Cyber Privacy

Privacy? What privacy?

We are rapidly entering the age of no privacy, where everyone is open to surveillance at all times; where there are no secrets from government.
William Orville Douglas 

Google is by far the most popular search engine in the world, and chances are that you are one of its users. But by doing so, you allow Google to collect an amazing (and disturbing) amount of information about yourself.

If you are a regular Google user, you have no privacy. Big Brother knows your name, your gender, your birth date, your cellphone number, where you live, where you work, where you go, what you like, what you watch, what sites that you have searched, etc.
It probably knows more about you than your own mother.

To its defense, Google allows you to control what you want to divulge about yourself, but navigating through its privacy labyrinth is an extremely laborious process… and few people bother to venture there.

Google, by the way, is not the only company collecting personal data. They all do it. Your personal information is now floating in cyberspace for anybody to grab. And crooks of all creeds and colors are on the lookout for it.

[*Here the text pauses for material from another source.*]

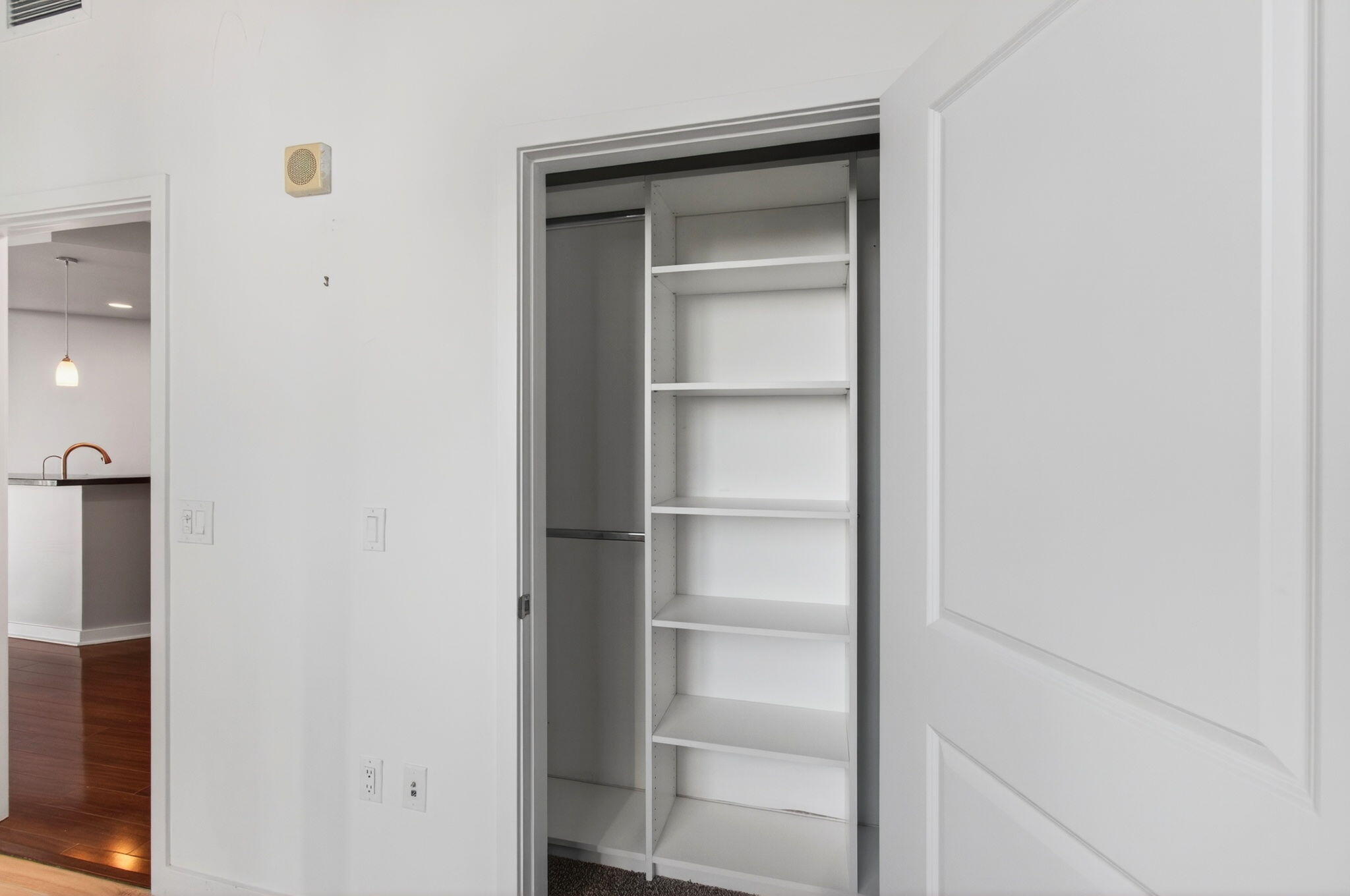 MLS #R11146331 image #45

The real danger though is when politics are involved. It would now be very easy for a totalitarian regime to trace and detain anybody disagreeing with its policies.

Few people might think about it, but we are scarily close to Nineteen Eighty-Four. In 1949, George Orwell already imagined what such a society would be.

With cameras popping up everywhere and with face recognition software already widely used, there is no privacy anymore. We are already under the scrutiny of Big Brother. With its society now extremely polarized, it would not take very much for an American hardliner to take over and adopt spying technologies to frighten and control the masses.

Religion is the opium of the masses said Karl Marx. True, but not anymore. Smartphones are now much more addictive and dangerous than religion.

Kids today could not exist for three minutes without their smartphones. They would feel like fish out of water. If you would take it away, they would get in a withdrawal slump almost instantly and methadone might be needed.

Regardless or maybe ignorant of the danger, there is little chance that people will stop and desist. They will continue to use (and abuse) their smartphones. It is too devilishly appealing and convenient to give it up.

Just like any addiction, people won’t stop until something drastic happens. And it might be too late.

Alain

PS: Do yourself a favor: go to your Google Account and scrutinize your Privacy Checkup.